It has been the capital of an empire, and latterly a sultanate, but for centuries, Muscat was barely noticed by the outside world. The first mention came from Ptolemy in writings dating from 2BC. Despite his best efforts, the city slipped back into obscurity, with no further mentions until well into the 13th century.
As a result, little is known about Muscat’s formative years, but what is certain is that by the dawn of the 14th century, it was a trading port of some significance. It success, however, also made it a target and the Portuguese seized control of the city in the 1580s.
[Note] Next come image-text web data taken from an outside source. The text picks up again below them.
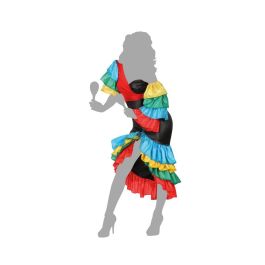 Disfraz Rumbera Mujer Adulto XS-S Disfraz Rumbera Mujer Adulto XS-S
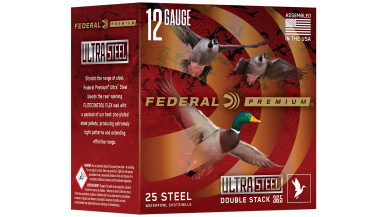 Fed Ult Stl 12ga 3 1.25oz #2 25/250  Ult Stl 12ga 3 1.25oz #2 25/250 Ammo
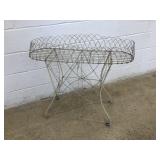 Wire Form Plant Stand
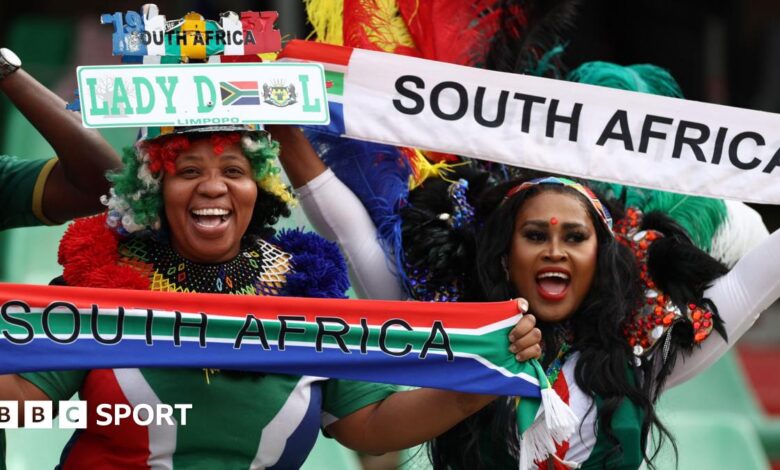 يوضح ماكنزي مطالبة جنوب إفريقيا باستضافة Wafcon 2026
But they weren’t the only ones with designs on Muscat and the Portuguese were forced to construct the city walls along with Fort al-Jalali to protect themselves from the Ottoman Turks.
Although the Ottomans were unsuccessful, the local Yaruba dynasty was not and in 1649, they booted out the Portuguese. In the years that followed Muscat became one of the foremost ports in the Indian Ocean but it was twice convulsed by civil war before falling to the Persians in 1743.
Free once more, Muscat became Oman’s capital city in 1793 and it soon grew in influence and prosperity, with its rulers racking up an empire that extended as far as Africa. But Africa was also to prove the city’s undoing and when Said bin Sultan took control of Zanzibar and moved his capital to Stone Town, Muscat’s fortunes dwindled.
In the 19th century, the British arrived, using Muscat as a major staging point between their interests in India, Africa and the Middle East. These interests included the formerly Omani island of Zanzibar and as a result, the city suffered an economic slump.
As the city grew poorer, tribal attacks increased and the Sultan was twice forced to get help from the British in 1915 and 1963. The rise of Sultan Qaboos, however, brought prosperity, peace and an extensive building programme which reshaped the city into the modern metropolis it is today.
Did you know?
• Actress Isla Fisher was born in Muscat.
• Muscat is home to the world’s largest marble mosaic. It measures 8.30 m (27 ft 2.77 in) in height and 5.30 m (17 ft 4.66 in) in width and depicts His Majesty Sultan Qaboos bin Said.
• Muscat Gate was still in use up until the 1970s.